Through Cal’s InterVarsity, 20-year-old Jianni Xin said she has explored her ethnic identity as an Asian American Christian. Though many in the fellowship were raised in Christian families, Xin and others contend with parents who do not understand their faith.

Her mother, a Chinese immigrant, thinks Xin should seek blessings from her grandmother and believes Christianity is taking Xin from her family.

“She’s a really traditional woman. In China, she didn’t know of any Christians there.

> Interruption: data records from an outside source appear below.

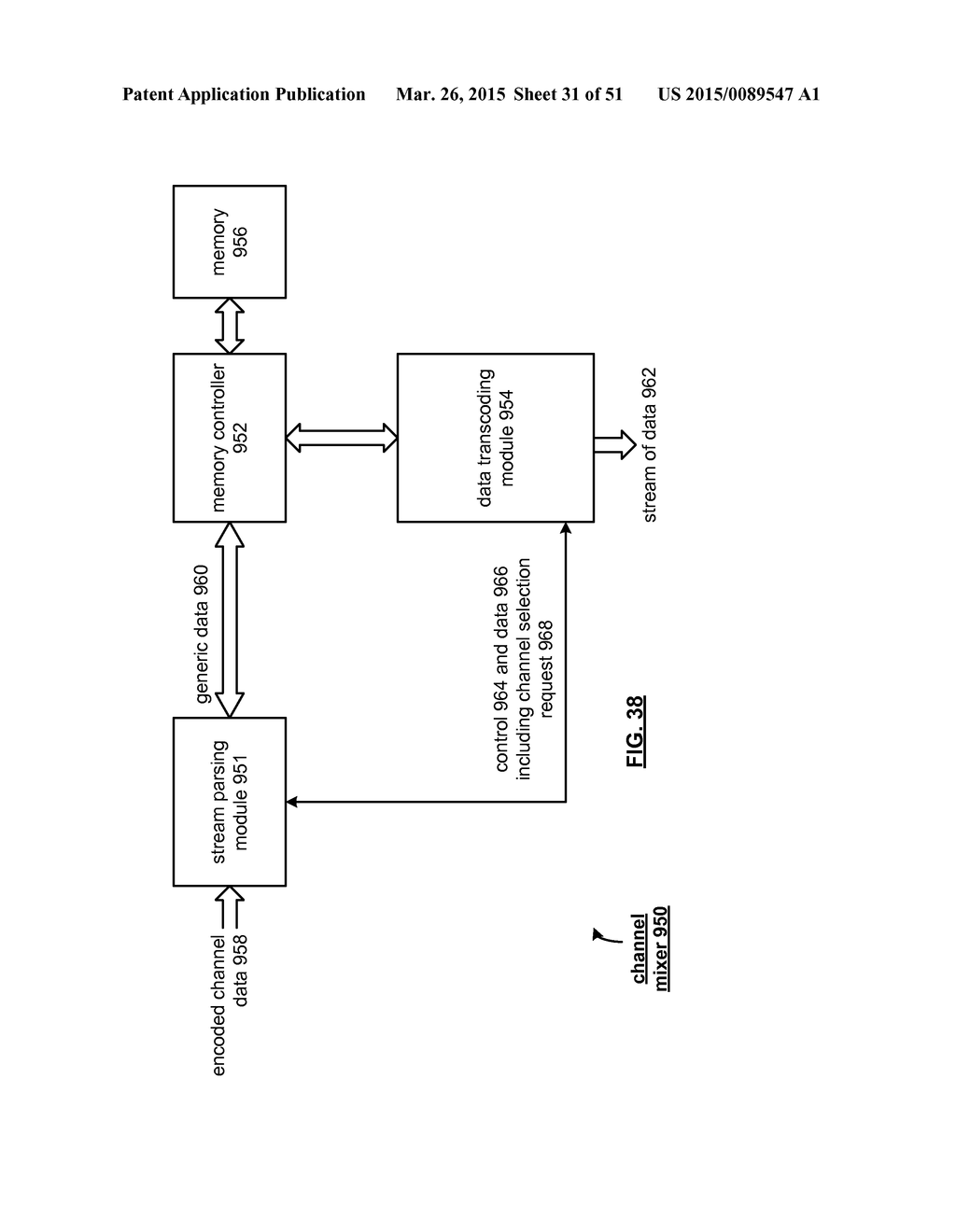 METHOD AND CELLPHONE FOR USE IN A MULTIMEDIA SYSTEM - diagram, schematic, and image 32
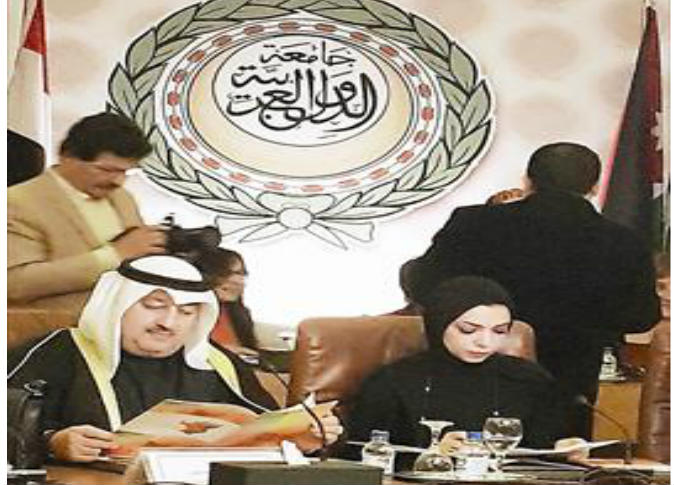 الشرق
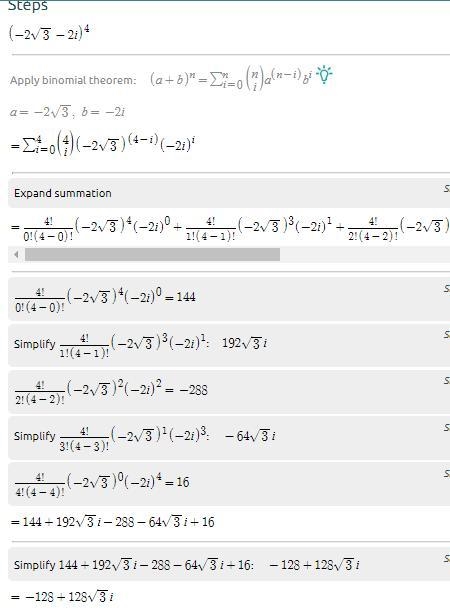 I need help with this practice problem solving Make sure to read the instructions-example-1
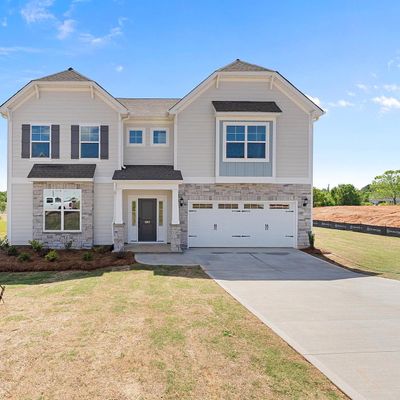 1021 Paula Parris Road, Chesnee, SC 29323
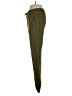 Unbranded Green Active Pants Size S - photo 5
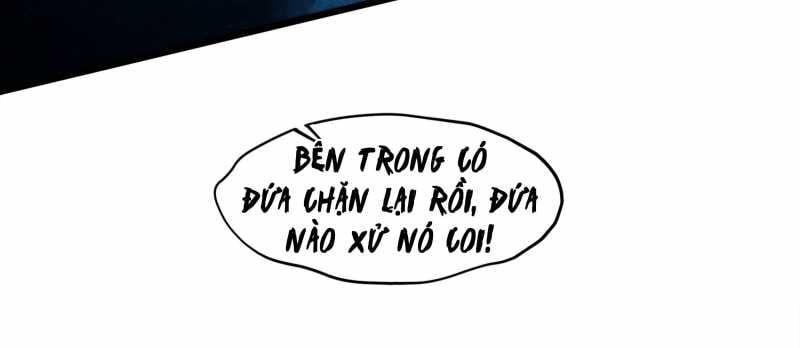 Tội Bất Dung Thứ Chapter 1 - 83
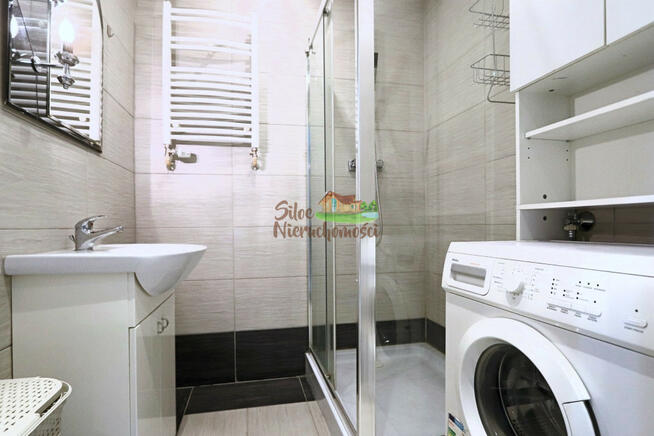 Mieszkanie Głogów Kopernik, Galileusza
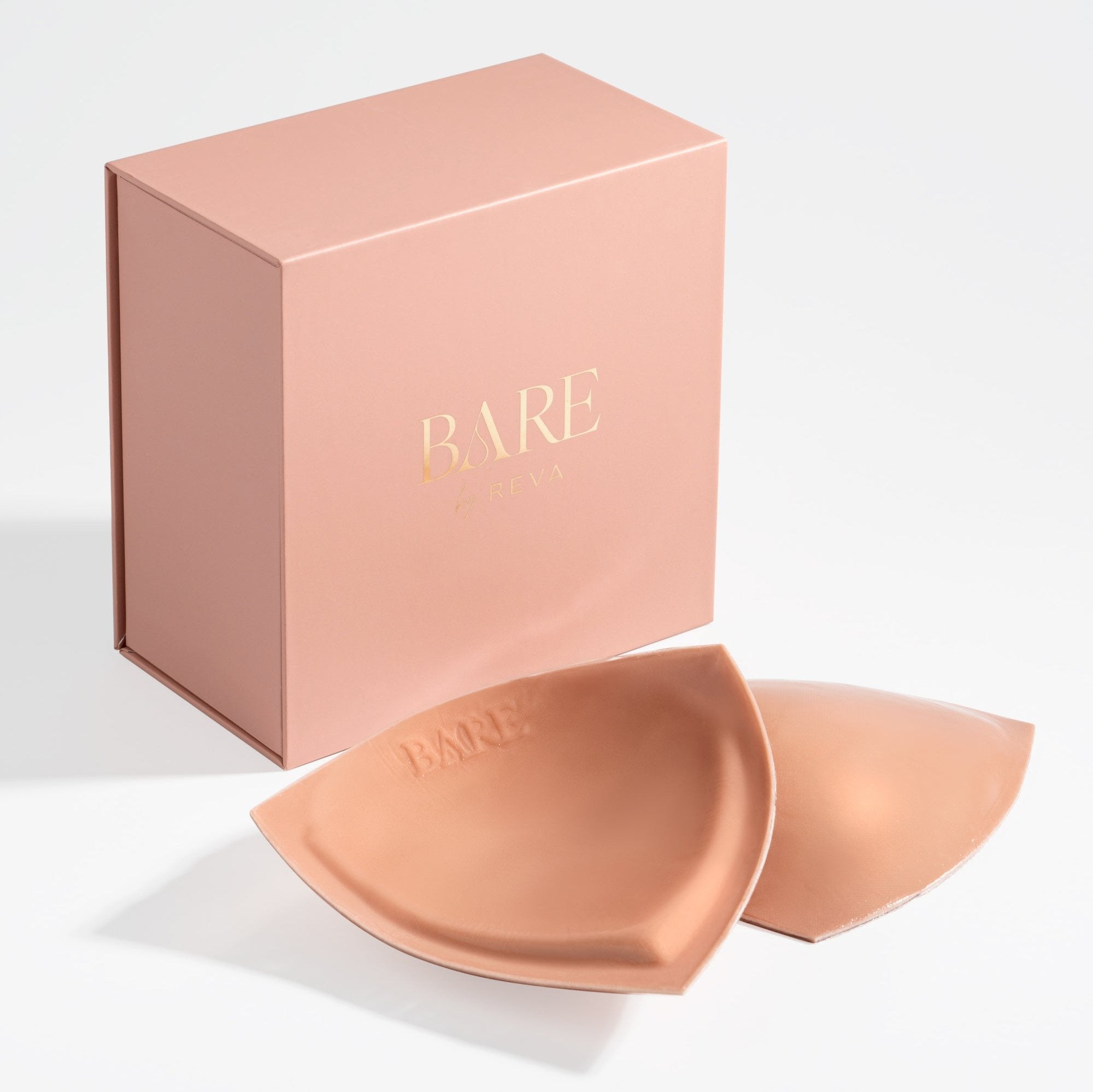 Light Boost Inserts (Triangle Shape)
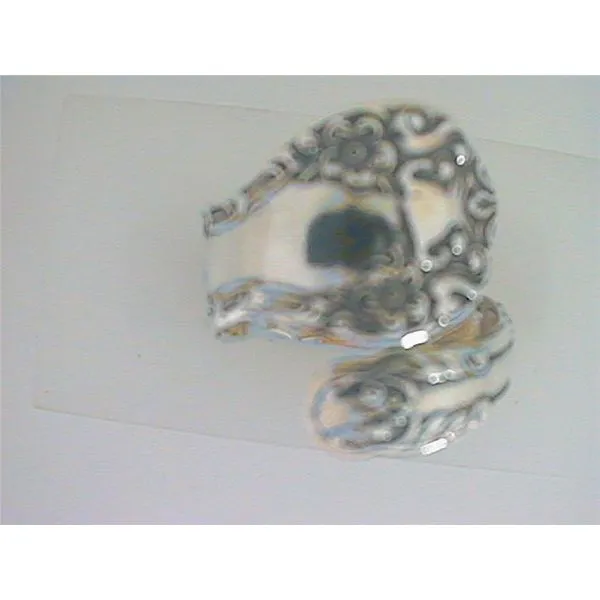 Pendant/Necklace Tena's Fine Diamonds and Jewelry Elberton, GA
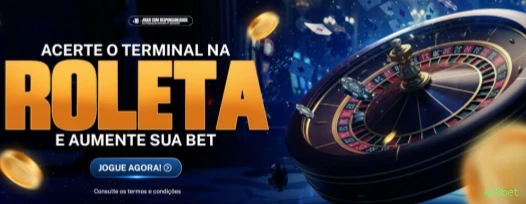 Programa VIP exclusivo da a18bet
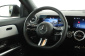 Mercedes-Benz GLA, 2025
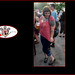 Cheryl Beck Photo 35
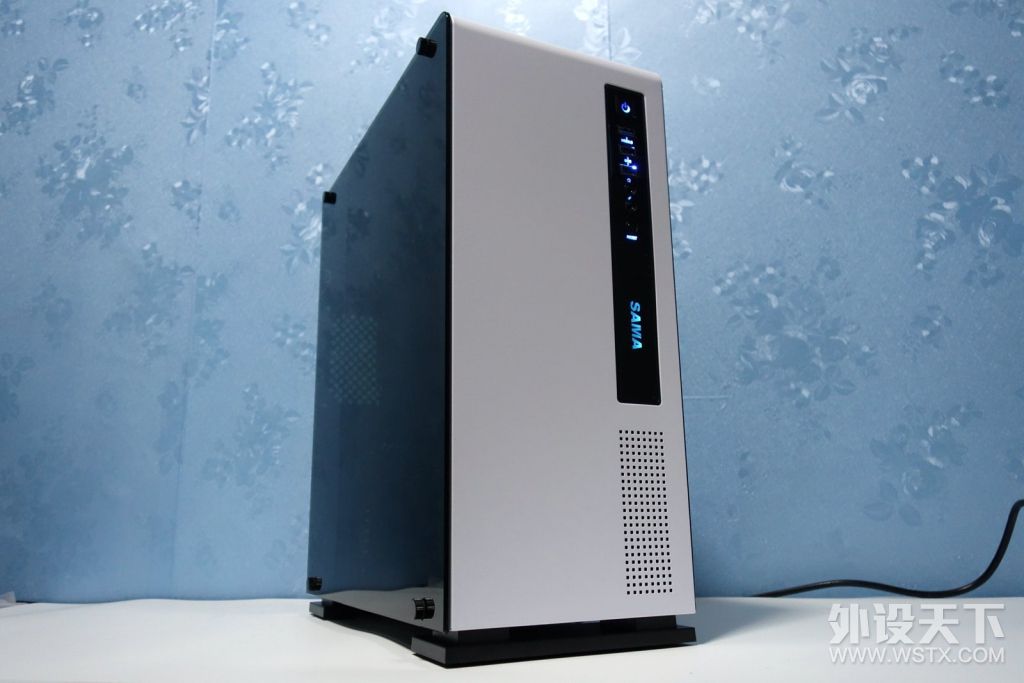 性价比吃鸡电脑主机配置推荐,谁也阻挡不了吃鸡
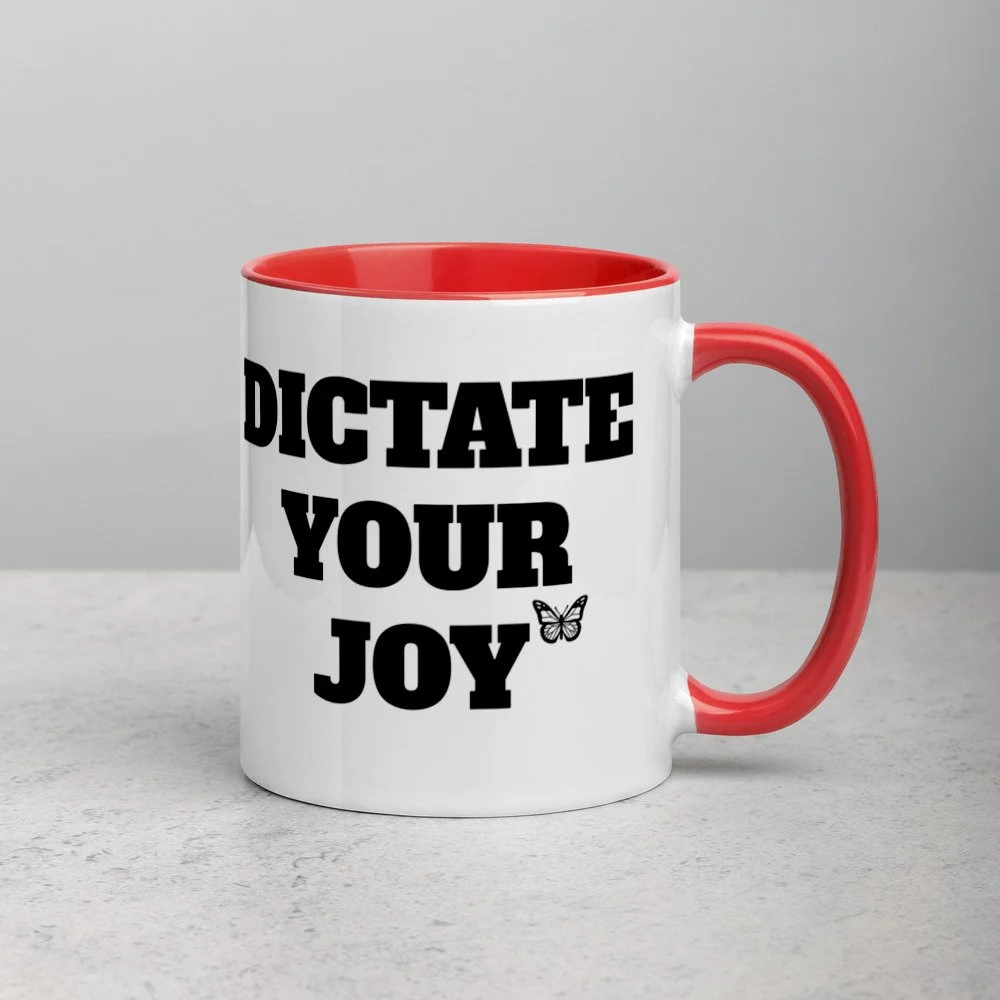 white-ceramic-mug-with-color-inside-red-11oz-right-619adaf904f64.jpg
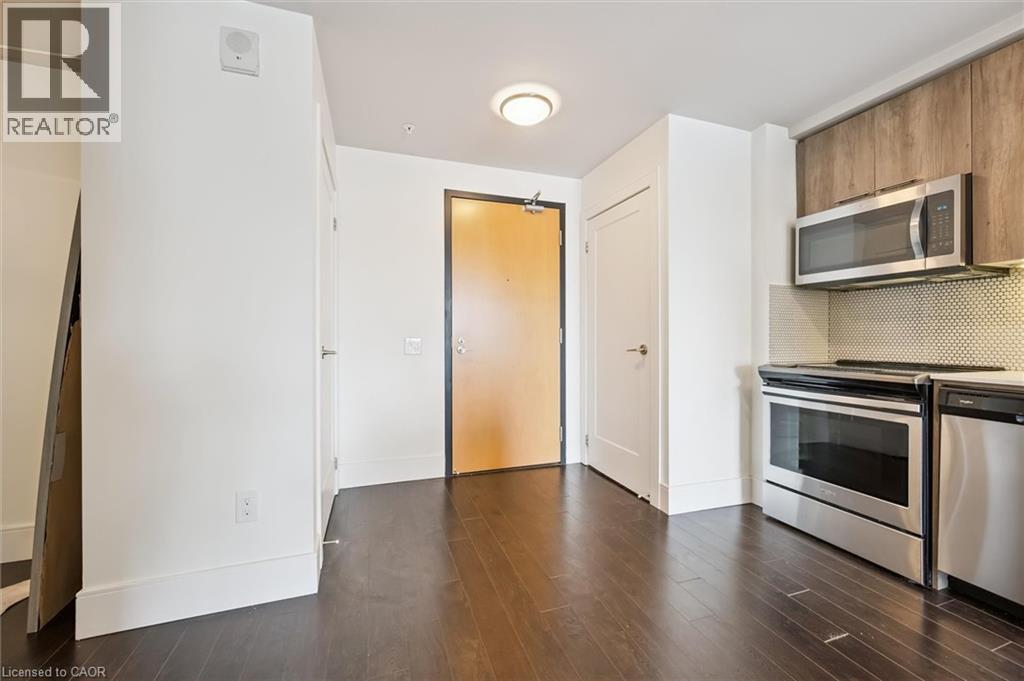 15 PRINCE ALBERT Boulevard Unit# 309 thumbnail 6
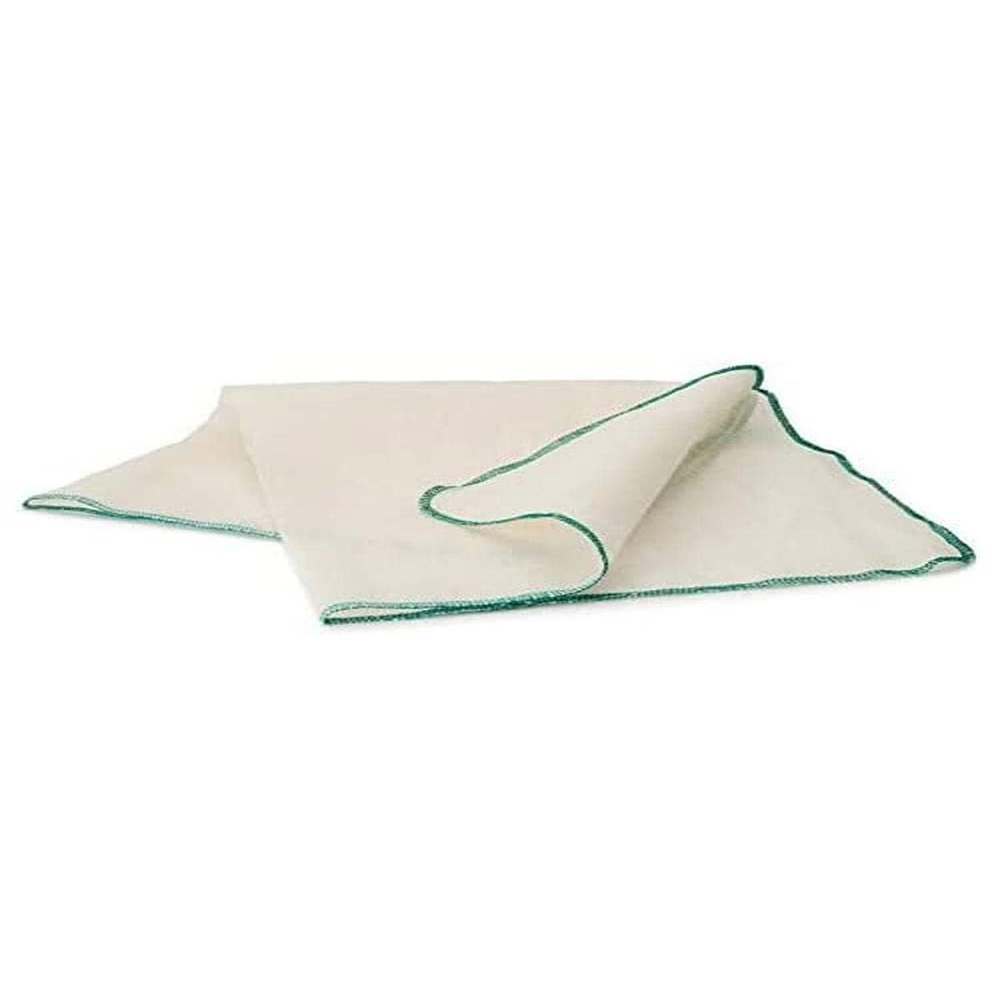 ibili-cheese-cloth-with-green-border-50cm-x-50cm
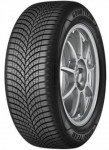 245/45R19 102 W XL FR 3PMSF GOODYEAR VECTOR 4SEASONS GEN-3 SUV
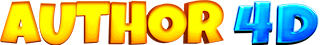 Author4D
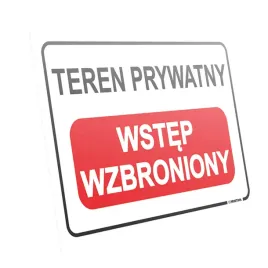 duza-tablica-tabliczka-teren-prywatny-wstep-wzbroniony-or-40x30cm-or-pcv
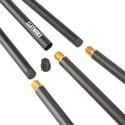 Крепление-тренога для вентилятора V1040 Extention Pole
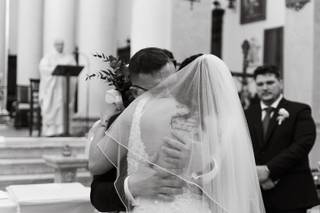 Cristiana Trivellato Photography - 6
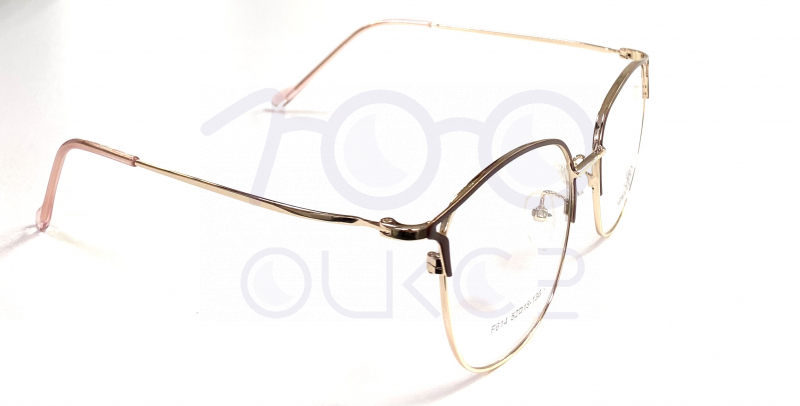 C/з Fedrof 6143 c2 100 ОЧКОВ Калуга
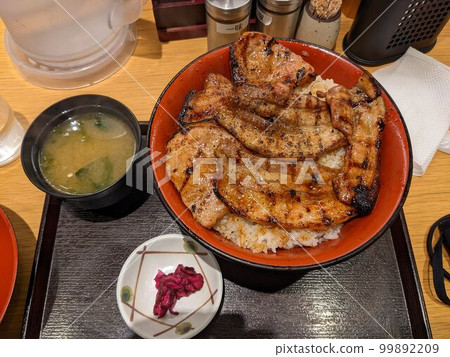 十勝特產 十勝特產 99892209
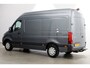 Mercedes-Benz Sprinter 316 CDI 163pk L2H2 LED/Camera/Navi/Trekhaak 2800kg 02-2019
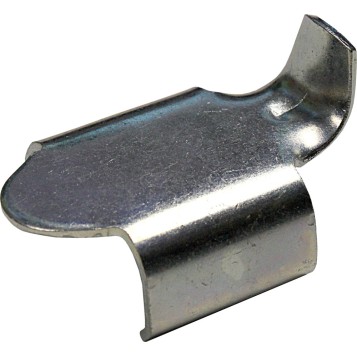 Track Clip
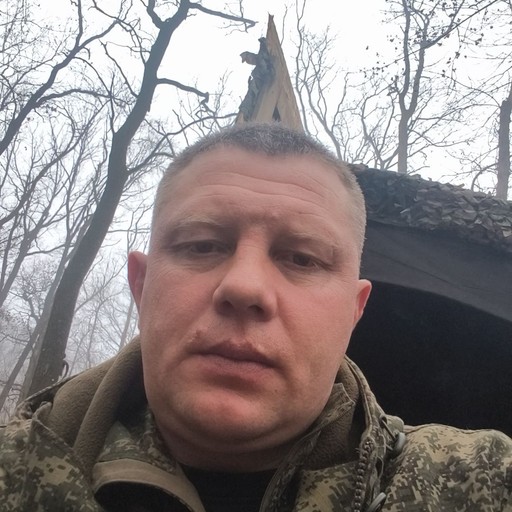 Алексей38, Лениногорск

I guess she wants me to focus on my studies,” said Xin, 20, a sophomore from San Francisco. “She thinks I’m dating God.”

Reflecting on the year, InterVarsity leader Akutagawa said the ethnic identity group struggled with understanding what “gifts or heritage” that Asian Americans offer, compared with white and black churches.

“We tried to understand how we as Asian Americans contribute to the spiritual backdrop of America,” said Akutagawa, a bioengineering major who grew up in Southern California. “There’s still not a definite answer. We’re trying to figure out who we are in America, how we fit in, and what things we can bring to the culture here.”

—————————————————————————-
Campus fellowships

It is difficult to compare the membership in evangelical Christian fellowships at different schools because they are not organized in the same manner. But InterVarsity fellowships at private elite schools and large state schools across the country began to experience “Asianization” in the early 1990s, said Collin Tomikawa, an InterVarsity area director for the East Bay.

By 2006, InterVarsity’s 205-member multiethnic fellowship at UC Berkeley was 80 percent Asian American (while the campus was 43 percent Asian American). And the Campus Crusade for Christ chapter’s 125-member multiethnic ministry was more than 60 percent Asian American, and its Korean ministry had 75 members.

At Stanford in 2006, Asian Americans accounted for roughly 40 percent of InterVarsity members but only 25 percent of undergrads. At UC Davis, Asian Americans are about 40 percent of the fellowship and of enrollment. At UC Santa Cruz, they account for one-third of InterVarsity and about 20 percent of students overall. MIT’s and Harvard’s InterVarsity fellowships each have significant Asian American memberships, too.

In contrast, at San Francisco State University, the 75-member InterVarsity chapter had nine Asian American members in 2006, even though Asian Americans account for one-third of the campus’s undergrads.